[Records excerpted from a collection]
------------------------------

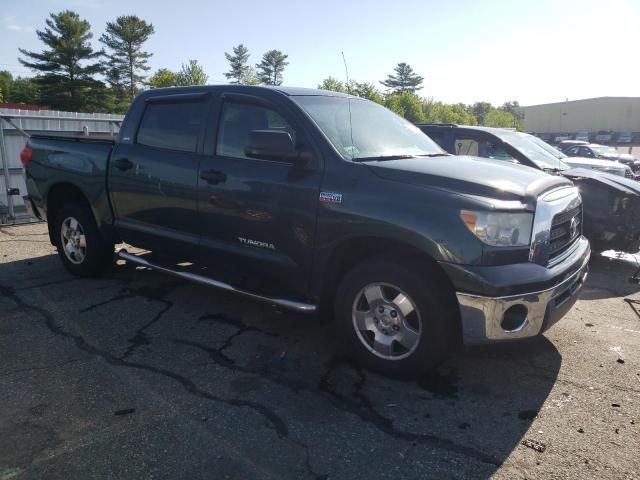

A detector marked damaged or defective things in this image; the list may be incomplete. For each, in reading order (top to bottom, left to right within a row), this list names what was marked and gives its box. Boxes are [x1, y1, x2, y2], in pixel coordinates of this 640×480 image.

cracked pavement [0, 223, 636, 478]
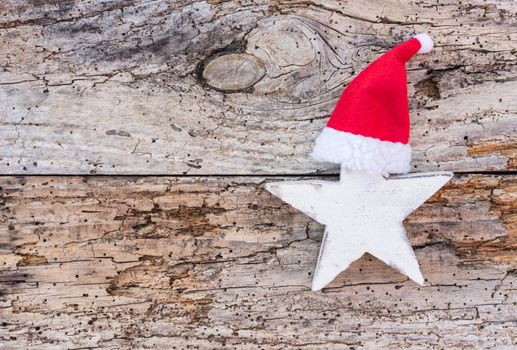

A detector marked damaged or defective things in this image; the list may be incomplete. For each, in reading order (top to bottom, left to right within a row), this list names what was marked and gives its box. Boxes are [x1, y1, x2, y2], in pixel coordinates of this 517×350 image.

peeling white paint on star [266, 168, 452, 292]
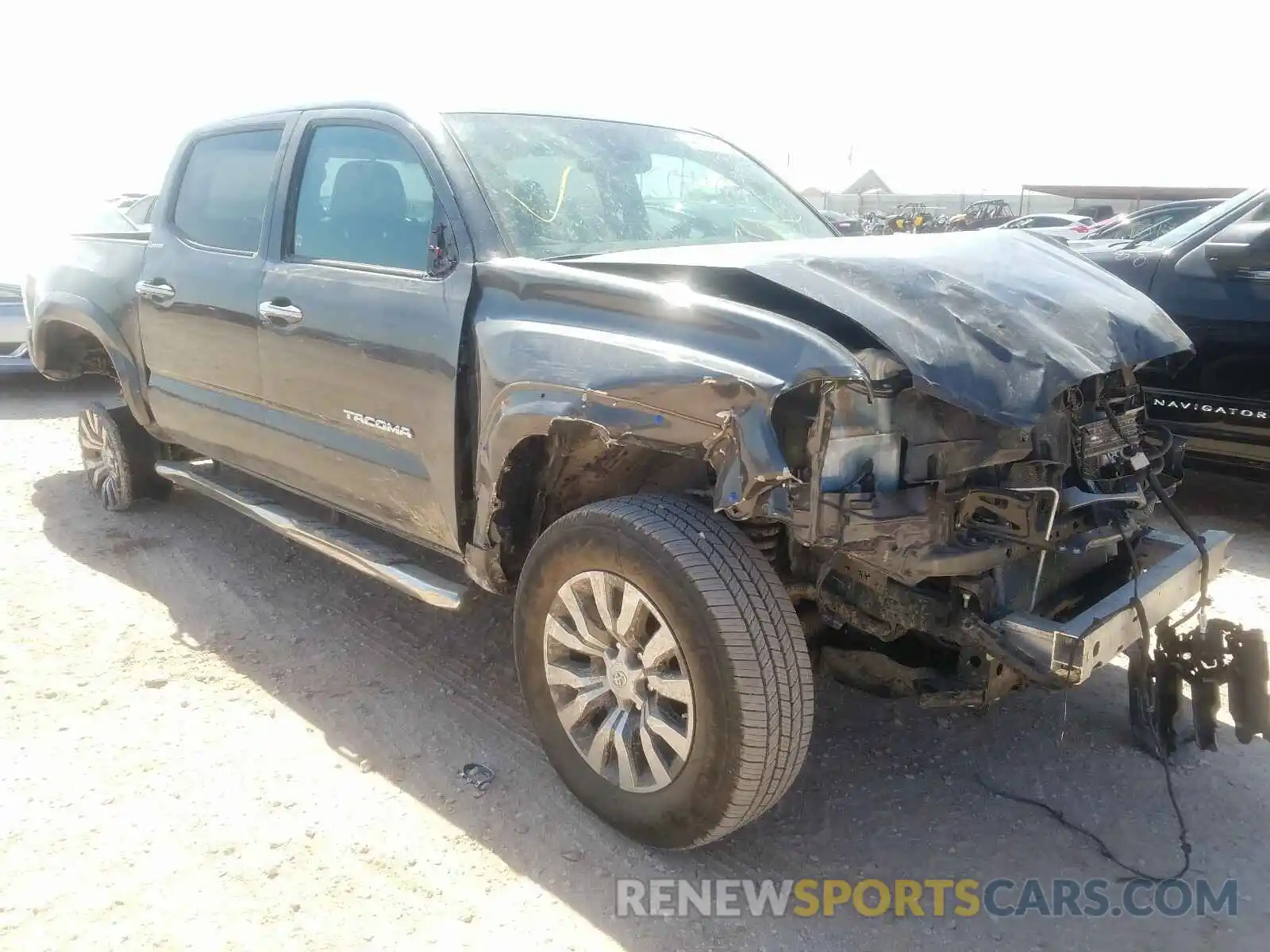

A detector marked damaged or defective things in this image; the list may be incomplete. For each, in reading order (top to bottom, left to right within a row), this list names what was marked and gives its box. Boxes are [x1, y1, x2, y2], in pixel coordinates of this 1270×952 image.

wrecked vehicle [22, 104, 1270, 850]
damaged toyota tacoma [22, 106, 1270, 850]
crushed hood [572, 230, 1194, 428]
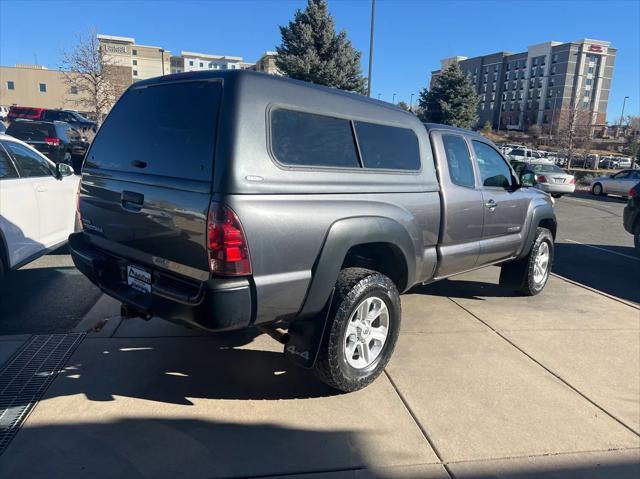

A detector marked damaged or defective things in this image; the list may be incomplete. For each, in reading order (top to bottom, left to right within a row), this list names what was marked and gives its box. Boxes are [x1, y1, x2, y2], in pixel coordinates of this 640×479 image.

pavement crack [448, 298, 640, 440]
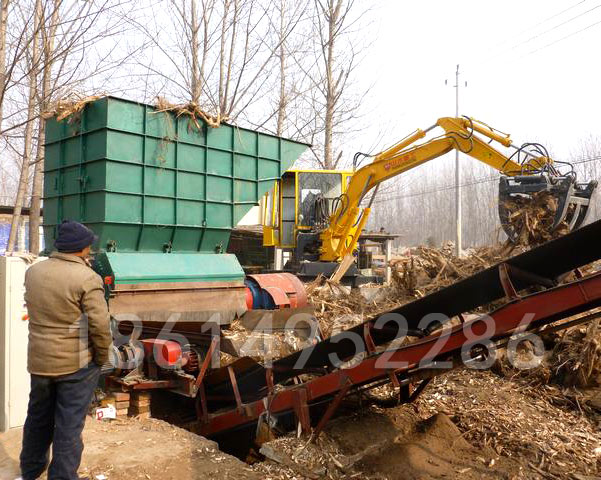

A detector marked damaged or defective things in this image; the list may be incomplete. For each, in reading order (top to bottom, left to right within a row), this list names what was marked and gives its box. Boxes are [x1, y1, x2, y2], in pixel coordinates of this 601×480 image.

rusty steel frame [195, 270, 600, 438]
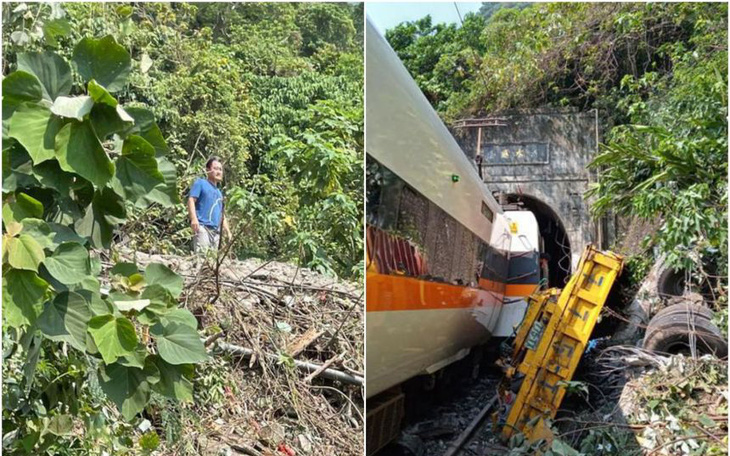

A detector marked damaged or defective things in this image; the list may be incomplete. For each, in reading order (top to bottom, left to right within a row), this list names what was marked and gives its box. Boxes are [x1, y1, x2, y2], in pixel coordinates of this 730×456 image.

crushed yellow vehicle [500, 246, 620, 442]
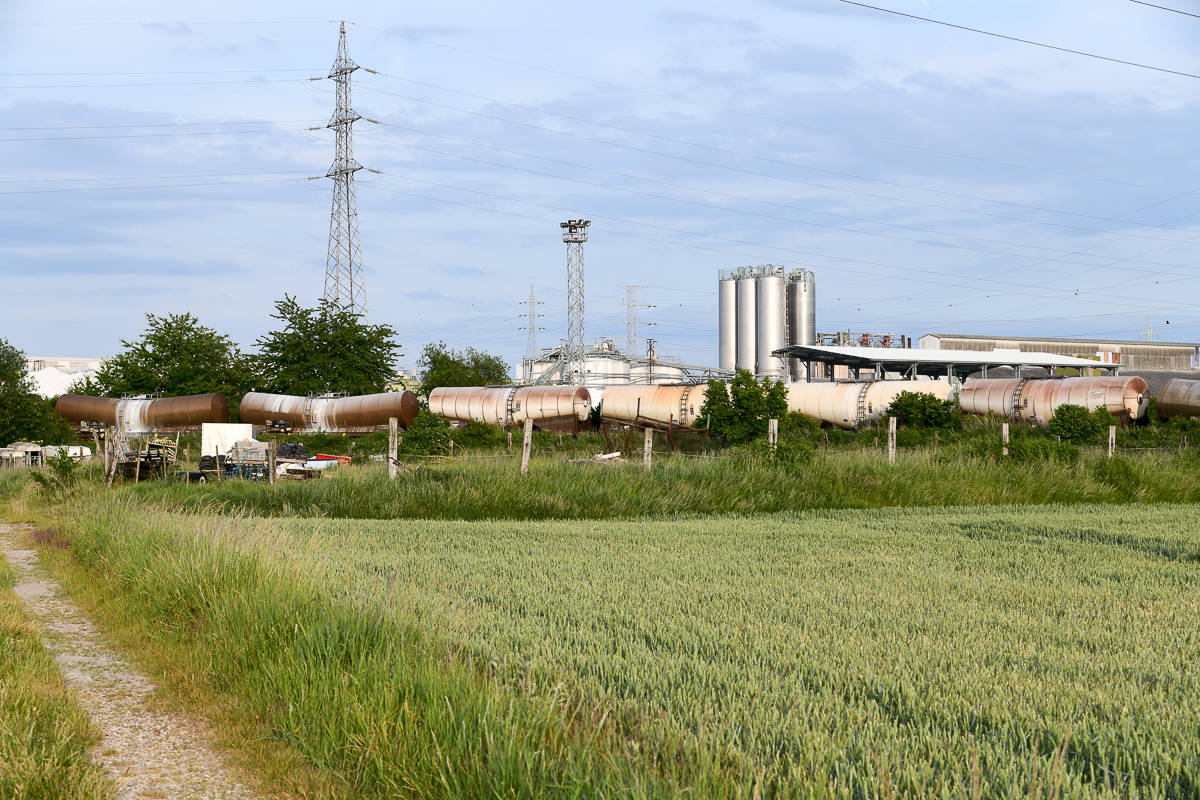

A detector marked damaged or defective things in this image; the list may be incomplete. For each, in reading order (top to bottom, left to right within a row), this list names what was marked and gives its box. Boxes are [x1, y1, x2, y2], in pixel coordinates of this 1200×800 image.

rusty cylindrical tank [54, 394, 229, 432]
rusty cylindrical tank [237, 392, 420, 432]
rusty cylindrical tank [428, 384, 592, 428]
rusty cylindrical tank [596, 384, 708, 428]
rusty cylindrical tank [784, 382, 952, 432]
rusty cylindrical tank [956, 378, 1152, 428]
rusty cylindrical tank [1152, 378, 1200, 422]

------------------------------

Without including a single picture, restate all of the data word for word.

Problem solution -
A detector marked damaged or defective things in this image; the list may be incomplete. For each, in reading order (top to bottom, left to right within a row), this list names what was marked and gives its box. Boxes are [x1, y1, x2, y2], in pixel coordinates of this 640×480 image.

cracked pavement [0, 223, 636, 478]

A detector marked damaged or defective things in this image; the list may be incomplete. For each, in reading order (top to bottom, left to right within a row), this list names what was marked and gives its box. Boxes are [x1, y1, x2, y2], in pixel coordinates of this 517×350 image.

peeling white paint on star [266, 168, 452, 292]

A detector marked damaged or defective things in this image; the list may be incomplete. For each, in reading order (top to bottom, left to right within a row), this list names what was marked and gives its box. Boxes are [x1, y1, x2, y2], in pixel coordinates of this 1270×952 image.

wrecked vehicle [22, 104, 1270, 850]
damaged toyota tacoma [22, 106, 1270, 850]
crushed hood [572, 230, 1194, 428]

A detector marked damaged or defective things in this image; the list may be incomplete. For each, in reading order (top to bottom, left to right within a row), this list names what was marked and gives its box. Boxes are [x1, y1, x2, y2], in pixel coordinates of this 640×479 image.

pavement crack [448, 298, 640, 440]

A detector marked damaged or defective things in this image; the list may be incomplete. For each, in reading order (top to bottom, left to right within a row), this list names what was marked and gives its box. Boxes are [x1, y1, x2, y2], in pixel coordinates of this 601×480 image.

rusty steel frame [195, 270, 600, 438]

A detector marked damaged or defective things in this image; the list may be incomplete. For each, in reading order (top to bottom, left to right within a row), this list names what was marked and gives its box. Boxes are [x1, y1, x2, y2], in pixel coordinates of this 730×456 image.

crushed yellow vehicle [500, 246, 620, 442]

A detector marked damaged or defective things in this image; the list may be incomplete. For each, in reading order (top to bottom, left to right within a row), this list names what was marked and gives its box. Boxes are [x1, y1, x2, y2], in pixel coordinates of this 1200×800 image.

rusty cylindrical tank [54, 394, 229, 432]
rusty cylindrical tank [237, 392, 420, 432]
rusty cylindrical tank [428, 384, 592, 428]
rusty cylindrical tank [596, 384, 708, 428]
rusty cylindrical tank [784, 382, 952, 432]
rusty cylindrical tank [956, 378, 1152, 428]
rusty cylindrical tank [1152, 378, 1200, 422]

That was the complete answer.